Era una zarigüella, una “chucha”. Más bien una “chuchita”, porque a pesar de ser más grande que una rata, creo que era pequeña, quizá una infante o cachorra… ¿cómo se le dice a los niños de los animales?
Nunca había visto de cerca una de su especie, pero sí en fotografías y en campañas de “no matemos a las zarigüellas”. La gente normalmente las desprecia porque las consideran feas y se comen las gallinas, aunque algunas personas se las comen a ellas…
Alguien me dijo en una ocasión: “vivir en el campo es convivir con la muerte”. Ese día no solo la tuve cerca, sino que fui sepulturera. Mi herramienta: la pala, la cual nunca había usado. Hice un hoyo en un lugar alejado de la casa, profundo para que las perras no la alcanzaran. Como el animal era pequeño, no debí cavar demasiado, pero fue suficiente para mí… era la primera vez que debía desaparecer un cadáver.
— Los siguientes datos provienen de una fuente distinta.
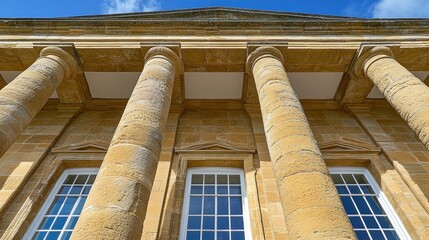 Low angle view of classical building facade with columns and windows.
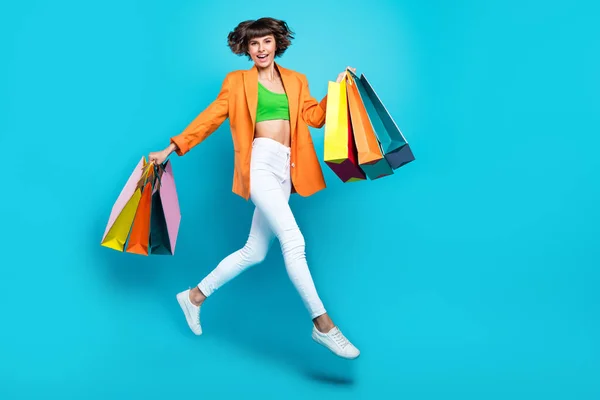 フルサイズの写真の若い幸せな正の女性ジャンプアップホールドショッピングバッグ販売ニュース孤立した上青色背景 — ストック写真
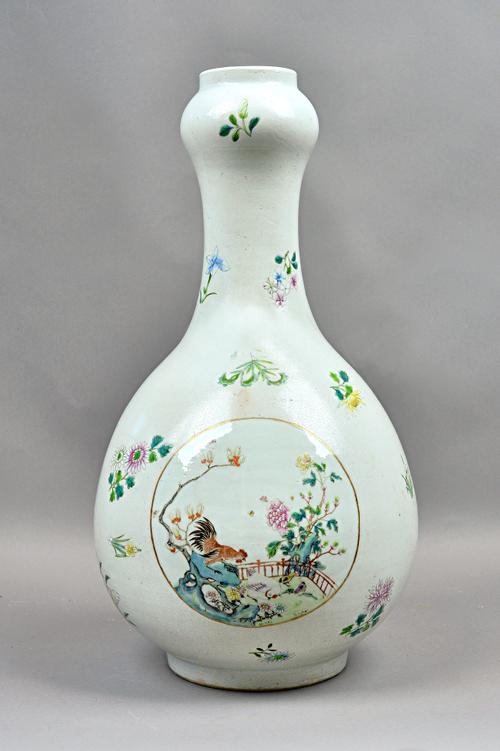A large Chinese porcelain sgraffito-ground famille-rose vase, probably early 19th century, of pear form with garlic mouth, painted with three panels o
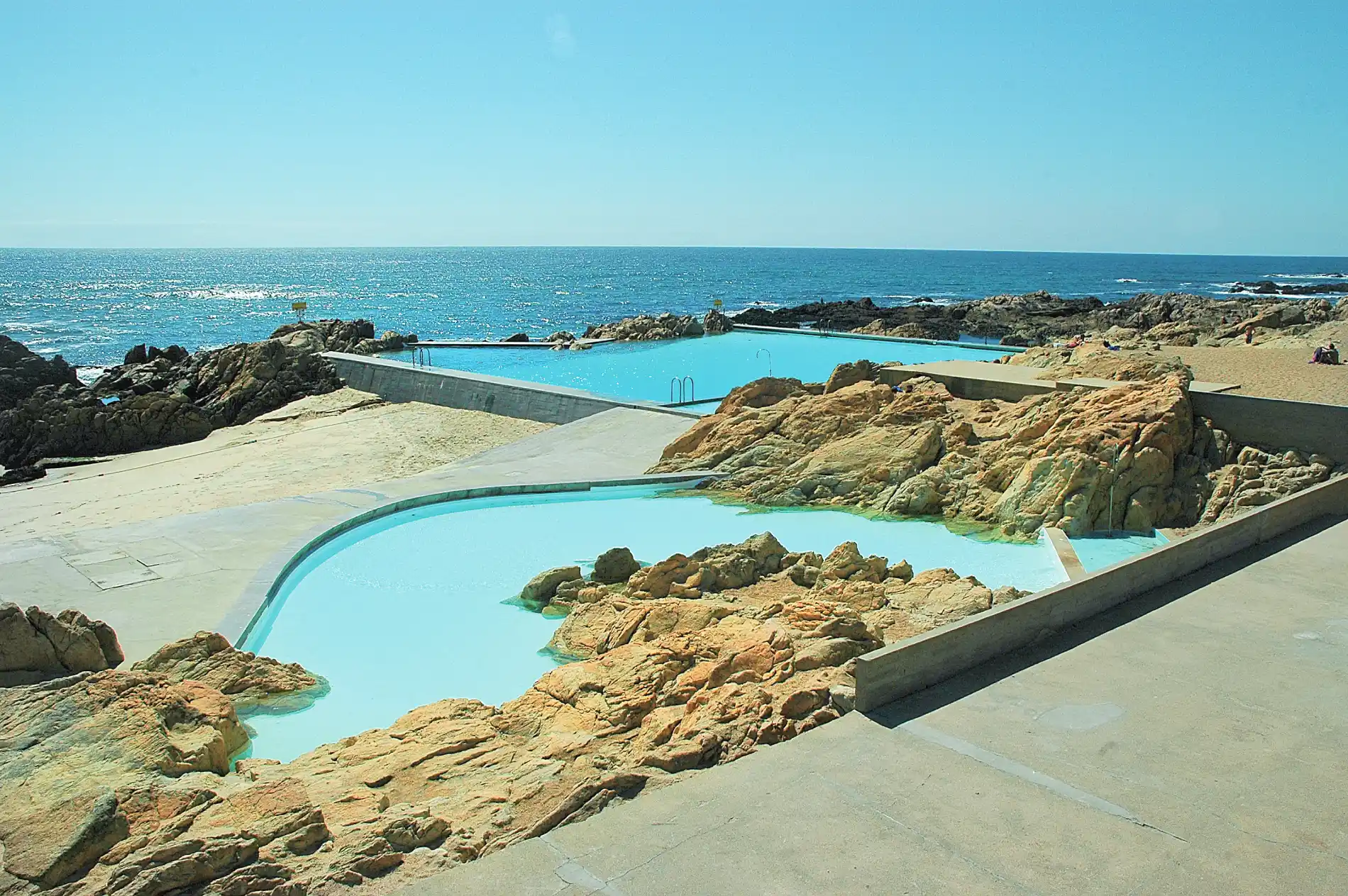 Oceanfront pool with rocky landscape and clear blue sky.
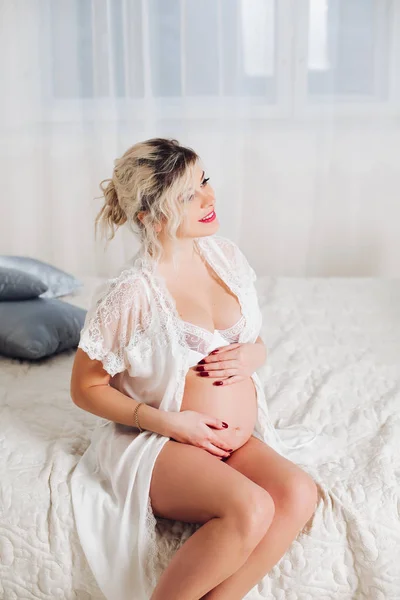 Sorrindo mulher muito grávida em lingerie branca na cama . — Fotografia de Stock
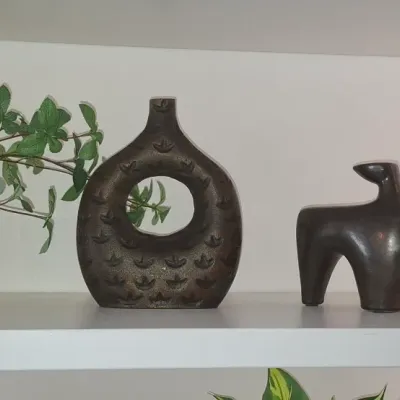 Sale Photo Thumbnail #21: Trio of shelf decorative objects including a potted green plant, a dark textured donut vase, and a stylized mid-century ceramic animal figurine.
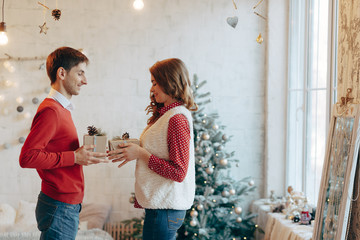 Young couple give Christmas presents to each other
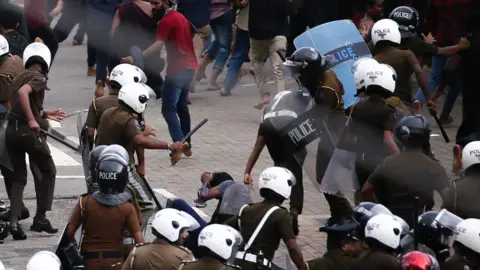 Getty Images Police used batton to disperse the university students during an anti-government demonstration by university students in Colombo On June 7, 2023.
Fue impresionante, pero en el fondo me sentí valiente. Cumplí con mi deber, hasta sin ser católica me eché la bendición por la “chuchita” que fue a encontrar la muerte en mi casa, mi Naturalia. Había algo sagrado en ese cuerpecito inerte.
Me quedó un leve trauma por todo el proceso, pero también una curiosidad. ¿Cuál fue el motivo del deceso? ¿Serían las perras? No tenía señales de agresión, heridas o sangre alguna. Tampoco eran los gatos, esos nunca fueron valientes ni habilidosos, al fin y al cabo venían de un apartamento en la ciudad. Algo no encajaba.
Bañarme era la mejor idea para superar el suceso, hacer una pausa y empezar nuevamente el día, supongo que los enterradores se bañan cuando llegan a su casa para quitarse esa esencia a muerte. El teléfono sonó tan insistentemente que me sacó de la ducha… terminé de enjuagarme como pude y salí en toalla al corredor de la casa a contestar . Era Laura muy alterada: ¡Mami! ¡Mami! ¡Desentierre ya la zarigüella!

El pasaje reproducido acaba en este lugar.